There was no dispute that lawsuits qualify as “civil action[s]” and seek “monetary relief.” That left one question: Had plaintiffs proposed to try claims of 100 or more persons … jointly on the ground that the claims “involve common questions of law or fact”? The 6th Circuit observed that the miners’ complaints did just that. Start with the first phrase. A litigant proposes to try claims “jointly” if he offers to try them through a common judicial process. Claims presented in a single complaint proceed through a common trial process absent an order to the contrary. When plaintiffs each filed complaints with more than 100 co-plaintiffs, they offered to try their co-plaintiffs’ claims jointly. See In re Abbott Lab’ys, Inc., 698 F.3d 568, 572 (7th Cir. 2012) (“[O]ne complaint implicitly proposes one trial ….”).
Turn to the second phrase. A litigant proposes a joint trial “on the ground[s] … [of] common questions of law or fact” when he offers, as a basis or reason for joint proceedings, the contention that the claims involve common questions. By filing a complaint predicated on a “common” “question of law or fact,” plaintiffs thus offered the presence of common questions as a “ground” for pursuing a joint trial, 28 U.S.C. § 1332(d)(11)(B)(i).
CAFA targets putative class actions and lawsuits that resemble them—“mass actions” in short. Mississippi ex rel. Hood v. AU Optronics Corp., 571 U.S. 161, 173–74, 134 S.Ct. 736, 187 L.Ed.2d 654 (2014). Lawsuits like the miners’ complaints fit the bill, said the court. They assert parallel claims on behalf of more than 100 plaintiffs, all proceeding on the theory that the claims are similar enough to merit adjudication in tandem. Every circuit to consider the question agrees. “Where a single complaint joins more than 100 separate claims involving common questions of law and fact, there is a presumption that those plaintiffs have implicitly proposed a joint trial.” Ramirez v. Vintage Pharms., LLC, 852 F.3d 324, 329 (3d Cir. 2017); see Lester v. Exxon Mobil Corp., 879 F.3d 582, 585–89 (5th Cir. 2018); Abbott Lab’ys, 698 F.3d at 572; Atwell v. Bos. Sci. Corp., 740 F.3d 1160, 1163–66 (8th Cir. 2013); Visendi v. Bank of Am., N.A., 733 F.3d 863, 869 (9th Cir. 2013); Scimone v. Carnival Corp., 720 F.3d 876, 881–82 (11th Cir. 2013); cf. Parson v. Johnson & Johnson, 749 F.3d 879, 888 & n.4 (10th Cir. 2014) (suggesting the same); accord 2 William B. Rubenstein, Newberg & Rubenstein on Class Actions § 6:25 (6th ed. 2022).

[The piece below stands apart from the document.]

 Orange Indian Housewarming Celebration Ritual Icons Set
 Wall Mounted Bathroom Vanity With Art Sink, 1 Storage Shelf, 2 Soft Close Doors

The miners respond that, under Kentucky or federal law, their cases may not ultimately involve common questions of law or fact. Still, an ultimately unwarranted proposal remains a proposal. See Visendi, 733 F.3d at 867–71. Nor did it matter that a joint trial may never result, perhaps even on a defendant’s motion to bifurcate or sever. Here, each filed a complaint joining more than 100 co-plaintiffs and seeking “a” jury trial. See Ramirez, 852 F.3d at 327 (requiring an “explicit and unambiguous disclaimer” of a joint trial).
In the alternative, plaintiffs asked the court to affirm the remand order under CAFA’s “local controversy” exception. See 28 U.S.C. § 1332(d)(4). But for the exception to apply, the miners needed to show that a Kentucky defendant’s conduct “forms a significant basis for the[ir] claims.” Mason v. Lockwood, Andrews & Newnam, P.C., 842 F.3d 383, 388, 395–97 (6th Cir. 2016). Here, the “core” of the miners’ complaints alleged that out-of-state defendants designed, manufactured, and sold defective respirators, and plaintiffs offered no reason for thinking that the defendant local merchants’ liability was anything but derivative of the manufacturer’s alleged liability. Remand reversed.